ARB, like ACEI, can be the drug of choice for the treatment of renal substantive hypertension, including hypertension after the development of benign small arterial nephrosclerosis, and the combination of ACEI and ARB is more effective. Currently, renin blockers have been successfully developed and are in the clinical validation stage, and will likely be used in the clinic soon. It is believed that renin blockers will have a more complete blocking effect on RAS and will bring greater benefits to hypertension treatment. When applying ARB and ACEI, excessive sodium intake will significantly affect the antihypertensive efficacy. Therefore, when taking these two types of drugs must limit salt, and advocate the combination of small dose diuretics, Ccr25>ml/min with thiazide diuretics; Ccr<25ml/min need to use tab diuretics.
5.4.3 Calcium channel blockers (CCB): The efficacy of CCB is very precise, but dihydropyridine CCB dilates the small inlet arteries more than the small outlet arteries. The current view is that when treating renal substantial hypertension with dihydropyridine CCB, including hypertension after the onset of benign small arterial nephrosclerosis, the intra-glomerular hemodynamic changes are beneficial (“three highs” decrease) or detrimental (“three highs” elevated), it depends on whether the systemic hypertension can be reduced to the target value.
Studies have shown that after the systemic hypertension is reduced to the target value, the benefit of reducing hypertension can overcome the disadvantage of expanding the small arteries into the glomerulus, and the “three highs” in the glomerulus can be improved. In addition, dihydropyridine CCBs also have some non-hemodynamic effects. These drugs can reduce renal hypertrophy, reduce the capture of macromolecules by thylakoid tissue, attenuate the mitogenic reaction of growth factors, inhibit free radical formation, promote nitric oxide production, improve mitochondrial calcium load and reduce residual renal unit metabolism, etc. These effects may also play a renal protective role. CCB has the following advantages over ACEI and ARB in the treatment of hypertension: the hypotensive effect is not affected by sodium intake; it can still be used in patients with renal failure; and it does not cause hyperkalemia.
5.4.4 Other antihypertensive drugs: such as diuretics, β-blockers and α-blockers have blood pressure-dependent glomerular hemodynamic protective effects, and indirectly reduce the “three highs” in the glomerulus by lowering systemic hypertension.

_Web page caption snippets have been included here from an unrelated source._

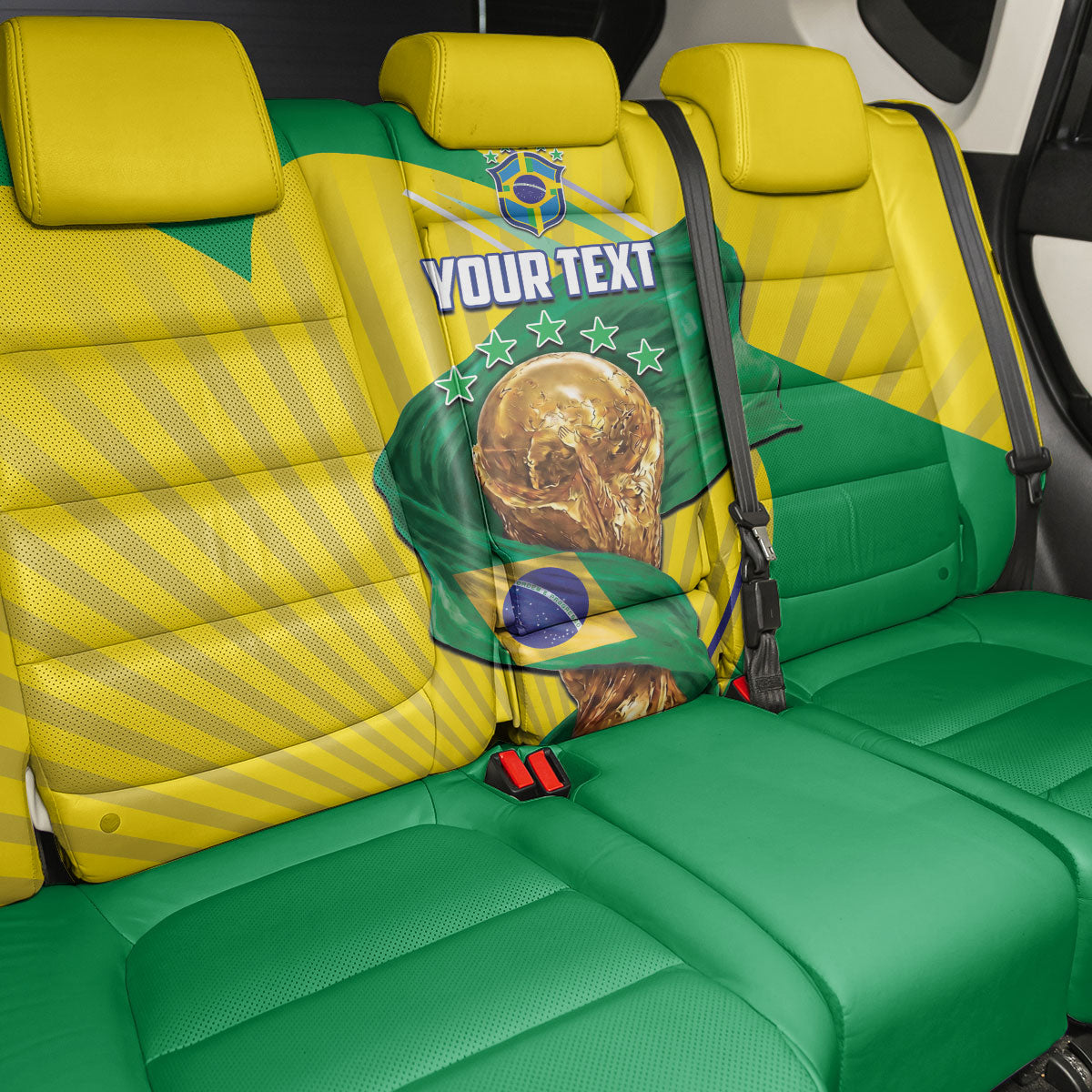 Personalized Brazil Football 2026 Back Car Seat Cover Born for Glory Let Champions Rise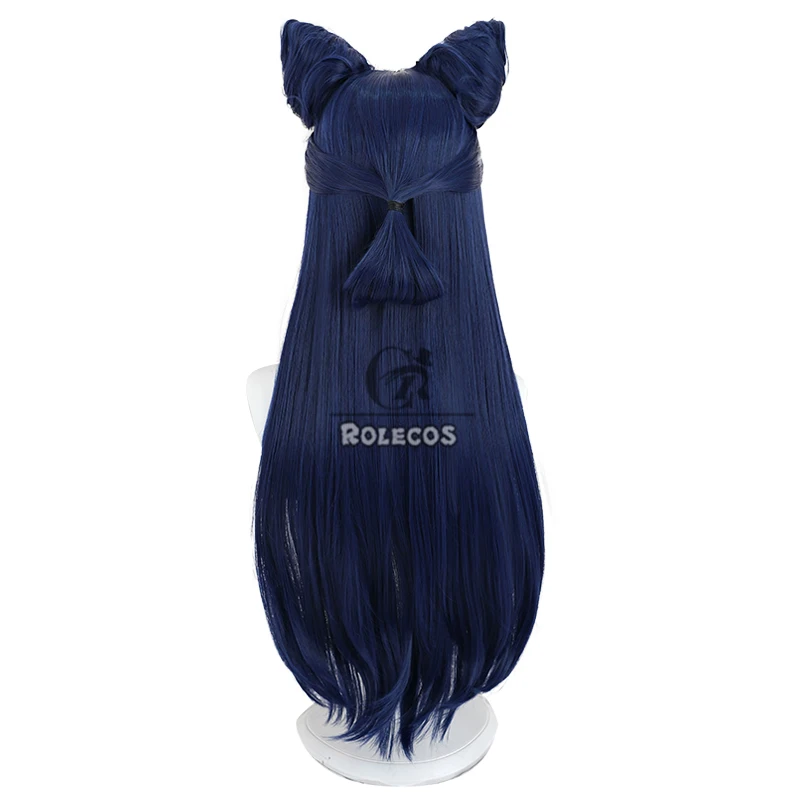Rolecos jogo de cabelo sintético lol mitmaker nami cosplay perucas com pães halloween 75cm longo azul escuro peruca mista cabelo sintético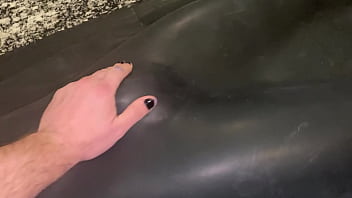 Preview 1 of Sajina Brai - Moaning Latex Twink in Vacbed gets Vibed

For this reason, they are mostly used as complementary drugs in antihypertensive therapy.
In addition to active treatment of hypertension, antioxidant therapy and active management of risk factors for hypertensive renal damage, such as insulin resistance, hyperuricemia and hyperlipidemia, are important for the course and prognosis of patients with benign small artery nephrosclerosis. Renal insufficiency due to benign small arterial nephrosclerosis also requires treatment. Before entering end-stage renal failure, it should be treated with non-dialysis conservative therapy; after entering end-stage renal failure, it should be promptly treated with dialysis or renal transplantation.